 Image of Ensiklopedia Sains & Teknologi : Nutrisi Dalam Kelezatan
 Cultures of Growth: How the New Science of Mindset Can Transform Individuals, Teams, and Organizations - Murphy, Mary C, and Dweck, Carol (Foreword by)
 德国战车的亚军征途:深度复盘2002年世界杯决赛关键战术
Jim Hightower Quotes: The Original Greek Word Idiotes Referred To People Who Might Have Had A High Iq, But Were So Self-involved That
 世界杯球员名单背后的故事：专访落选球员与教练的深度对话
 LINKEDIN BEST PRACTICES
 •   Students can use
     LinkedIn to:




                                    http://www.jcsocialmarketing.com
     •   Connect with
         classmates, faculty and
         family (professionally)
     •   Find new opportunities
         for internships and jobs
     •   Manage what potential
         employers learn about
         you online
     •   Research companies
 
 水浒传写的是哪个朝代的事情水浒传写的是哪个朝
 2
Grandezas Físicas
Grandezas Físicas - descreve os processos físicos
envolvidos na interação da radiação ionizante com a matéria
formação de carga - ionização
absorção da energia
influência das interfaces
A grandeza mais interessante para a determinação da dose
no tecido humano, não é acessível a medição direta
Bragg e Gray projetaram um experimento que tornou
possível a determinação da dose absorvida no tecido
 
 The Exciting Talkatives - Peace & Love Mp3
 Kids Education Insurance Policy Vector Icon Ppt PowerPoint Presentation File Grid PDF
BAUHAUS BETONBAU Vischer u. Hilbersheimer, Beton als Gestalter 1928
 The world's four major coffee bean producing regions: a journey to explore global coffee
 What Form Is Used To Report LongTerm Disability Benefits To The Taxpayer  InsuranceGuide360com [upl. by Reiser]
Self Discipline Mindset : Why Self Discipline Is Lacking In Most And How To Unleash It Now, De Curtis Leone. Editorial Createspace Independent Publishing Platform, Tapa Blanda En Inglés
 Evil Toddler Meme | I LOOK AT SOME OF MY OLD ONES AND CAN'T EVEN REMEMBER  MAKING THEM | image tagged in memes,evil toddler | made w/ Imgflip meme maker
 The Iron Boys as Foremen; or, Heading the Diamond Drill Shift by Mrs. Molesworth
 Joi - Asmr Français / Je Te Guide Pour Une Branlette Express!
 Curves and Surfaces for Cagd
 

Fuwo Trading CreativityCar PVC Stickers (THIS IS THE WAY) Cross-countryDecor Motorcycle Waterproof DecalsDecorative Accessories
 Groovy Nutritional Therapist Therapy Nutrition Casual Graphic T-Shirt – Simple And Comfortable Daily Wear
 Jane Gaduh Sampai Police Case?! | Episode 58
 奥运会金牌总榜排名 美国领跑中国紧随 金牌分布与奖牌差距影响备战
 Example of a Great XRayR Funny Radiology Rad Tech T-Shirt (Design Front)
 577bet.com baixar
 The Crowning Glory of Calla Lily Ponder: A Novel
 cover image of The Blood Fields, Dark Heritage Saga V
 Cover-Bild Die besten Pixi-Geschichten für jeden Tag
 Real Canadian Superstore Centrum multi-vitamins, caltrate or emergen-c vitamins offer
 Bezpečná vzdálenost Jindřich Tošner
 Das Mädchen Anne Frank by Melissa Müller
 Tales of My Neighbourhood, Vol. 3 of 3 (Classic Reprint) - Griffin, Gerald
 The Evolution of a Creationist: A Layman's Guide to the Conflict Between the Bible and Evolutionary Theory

* * * * *

## Directions for this task:
In the entries above, find the line with "Self Discipline Mindset" and the line with "Cover-Bild Die besten", then restate word for word both of them and every line between, with nothing more.

## Answer box:
Self Discipline Mindset : Why Self Discipline Is Lacking In Most And How To Unleash It Now, De Curtis Leone. Editorial Createspace Independent Publishing Platform, Tapa Blanda En Inglés
 Evil Toddler Meme | I LOOK AT SOME OF MY OLD ONES AND CAN'T EVEN REMEMBER  MAKING THEM | image tagged in memes,evil toddler | made w/ Imgflip meme maker
 The Iron Boys as Foremen; or, Heading the Diamond Drill Shift by Mrs. Molesworth
 Joi - Asmr Français / Je Te Guide Pour Une Branlette Express!
 Curves and Surfaces for Cagd
 

Fuwo Trading CreativityCar PVC Stickers (THIS IS THE WAY) Cross-countryDecor Motorcycle Waterproof DecalsDecorative Accessories
 Groovy Nutritional Therapist Therapy Nutrition Casual Graphic T-Shirt – Simple And Comfortable Daily Wear
 Jane Gaduh Sampai Police Case?! | Episode 58
 奥运会金牌总榜排名 美国领跑中国紧随 金牌分布与奖牌差距影响备战
 Example of a Great XRayR Funny Radiology Rad Tech T-Shirt (Design Front)
 577bet.com baixar
 The Crowning Glory of Calla Lily Ponder: A Novel
 cover image of The Blood Fields, Dark Heritage Saga V
 Cover-Bild Die besten Pixi-Geschichten für jeden Tag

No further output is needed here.